**Exercise objective**
Word for word, retype the lines from the one containing "Royal Catering Gastronorm" to the one containing "Menopause Relief Liquid" below, keeping both end lines and dropping the pictures.

**Given data**

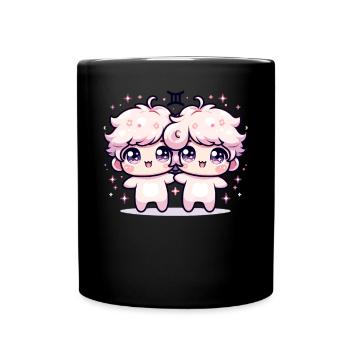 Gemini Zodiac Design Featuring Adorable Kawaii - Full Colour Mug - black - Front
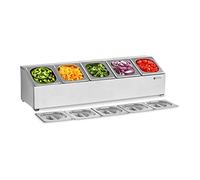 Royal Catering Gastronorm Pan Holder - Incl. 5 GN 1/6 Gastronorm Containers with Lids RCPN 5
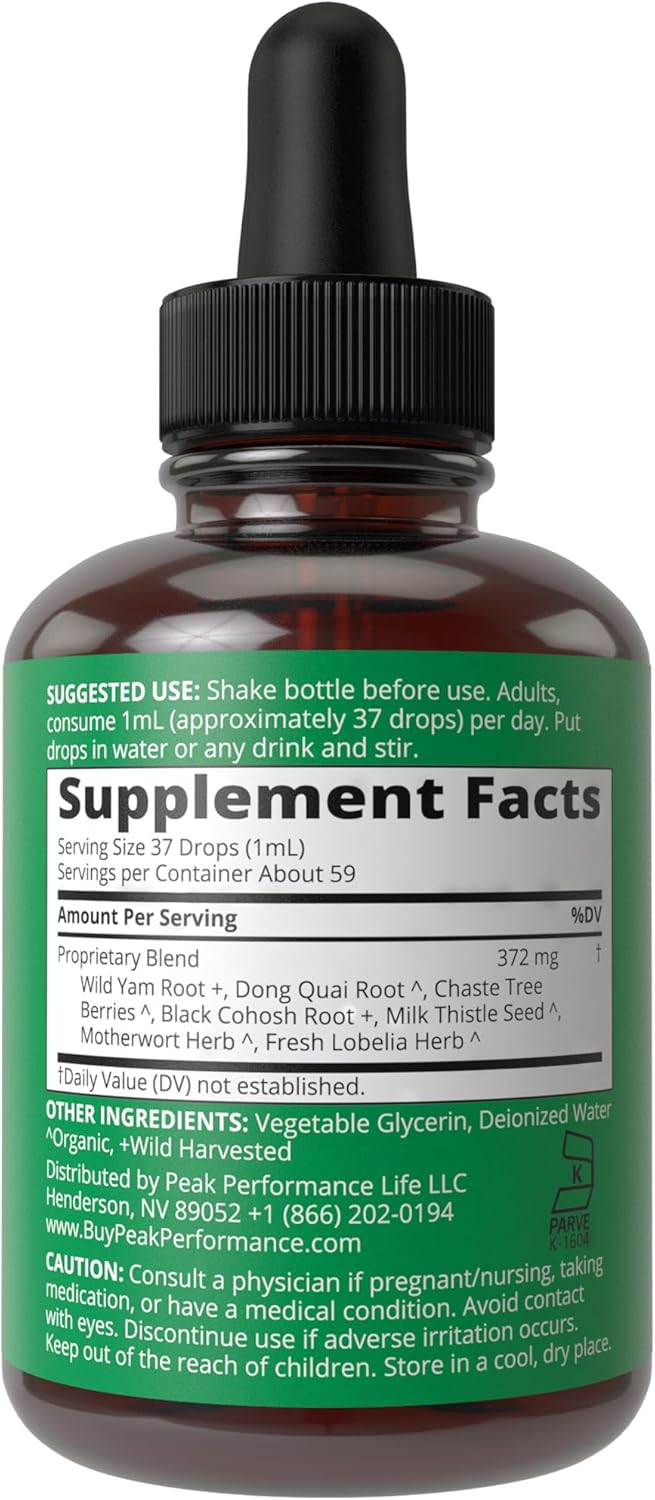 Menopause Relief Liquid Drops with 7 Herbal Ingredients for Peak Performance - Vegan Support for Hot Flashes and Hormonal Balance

...

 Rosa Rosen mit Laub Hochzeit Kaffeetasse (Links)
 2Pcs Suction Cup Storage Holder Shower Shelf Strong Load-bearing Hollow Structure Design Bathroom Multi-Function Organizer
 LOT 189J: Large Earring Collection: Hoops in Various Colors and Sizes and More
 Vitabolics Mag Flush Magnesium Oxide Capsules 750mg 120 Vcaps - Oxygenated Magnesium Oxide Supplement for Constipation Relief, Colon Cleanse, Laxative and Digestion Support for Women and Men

**Response to the task**
 Royal Catering Gastronorm Pan Holder - Incl. 5 GN 1/6 Gastronorm Containers with Lids RCPN 5
 Menopause Relief Liquid Drops with 7 Herbal Ingredients for Peak Performance - Vegan Support for Hot Flashes and Hormonal Balance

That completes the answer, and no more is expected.